• Problem requirements: Give the listing again exactly, omitting its images.

• Data segment:
--- --- ---

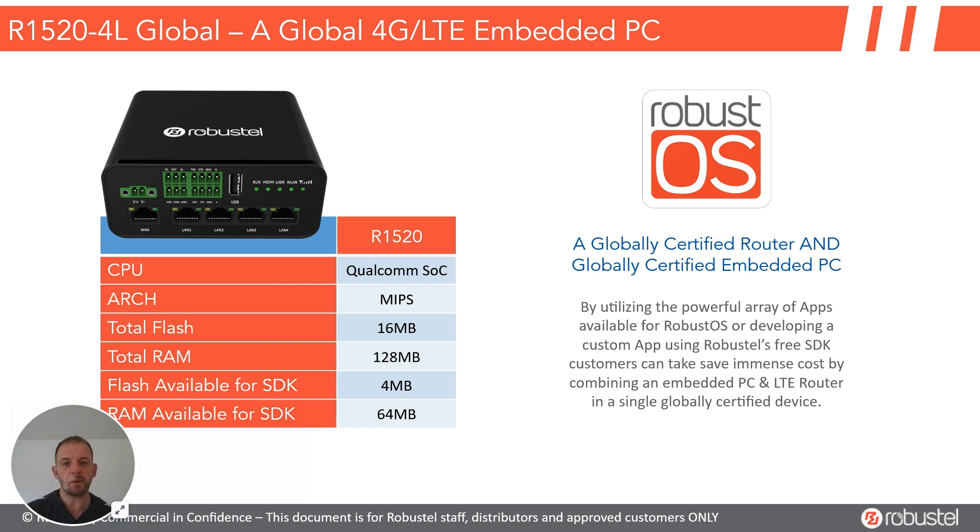A brief aside: you can embed your application on the R1520 Global. So potentially you can end up with a router and a low-power embedded computer, all covered by these certifications. If you just want to send a bit of Modbus data from the edge to the cloud, you can easily write some code or use Robustel's code to do the same job.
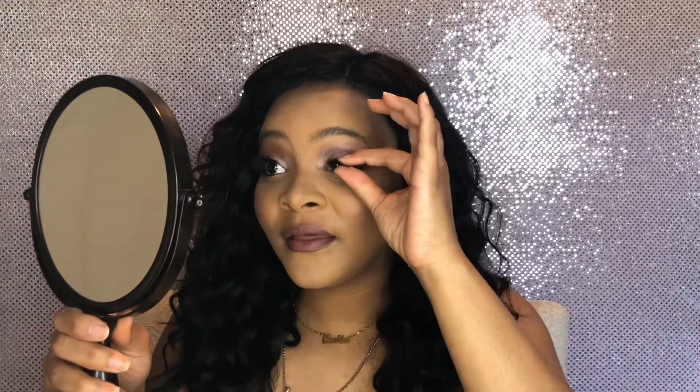My eyeshadow's not that bad, my lashes aren't that bad. But that mascara — and even the eyeliner — I didn't do as much eyeliner as I thought I did. That bottom mascara just kind of messed up everything, for real. But I'm not mad at it. I'm honestly not too upset with it. I did way better than I thought I would have.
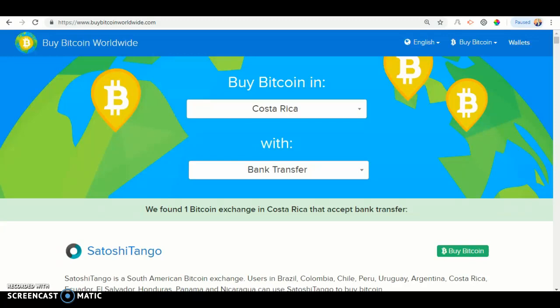The first thing you want to do is go on Google or any search engine and pull up BuyBitcoinWorldwide.com. Then once you've done that, click country and look for Costa Rica. Underneath Costa Rica is payment method — click payment method and look for bank transfer.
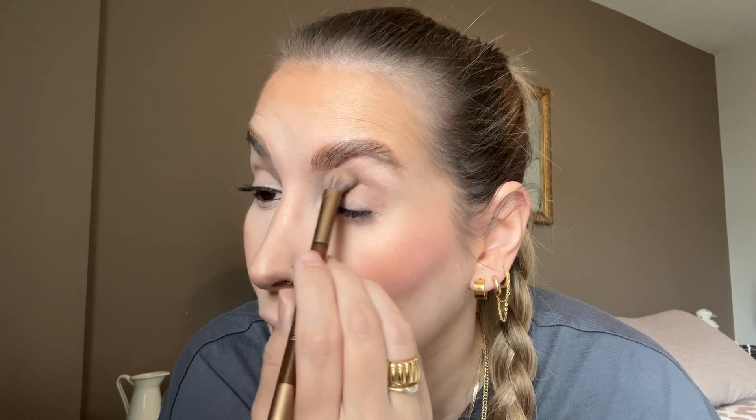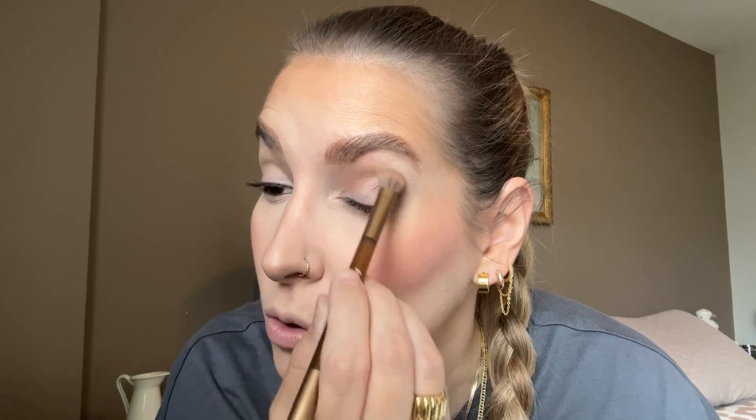I'm going to start with the middle shade and put that in my crease. There is only one matte shade — that darkest chocolate brown. I've already used this and I have to say, I know a lot of people are saying the new formula is kind of crappy, but I haven't had any problems with it. I haven't tried the old Soft Cashmere to directly compare, so maybe it just doesn't go on as smooth, but I'm fine with it.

--- --- ---

• Written response:
A brief aside: you can embed your application on the R1520 Global. So potentially you can end up with a router and a low-power embedded computer, all covered by these certifications. If you just want to send a bit of Modbus data from the edge to the cloud, you can easily write some code or use Robustel's code to do the same job.
My eyeshadow's not that bad, my lashes aren't that bad. But that mascara — and even the eyeliner — I didn't do as much eyeliner as I thought I did. That bottom mascara just kind of messed up everything, for real. But I'm not mad at it. I'm honestly not too upset with it. I did way better than I thought I would have.
The first thing you want to do is go on Google or any search engine and pull up BuyBitcoinWorldwide.com. Then once you've done that, click country and look for Costa Rica. Underneath Costa Rica is payment method — click payment method and look for bank transfer.
I'm going to start with the middle shade and put that in my crease. There is only one matte shade — that darkest chocolate brown. I've already used this and I have to say, I know a lot of people are saying the new formula is kind of crappy, but I haven't had any problems with it. I haven't tried the old Soft Cashmere to directly compare, so maybe it just doesn't go on as smooth, but I'm fine with it.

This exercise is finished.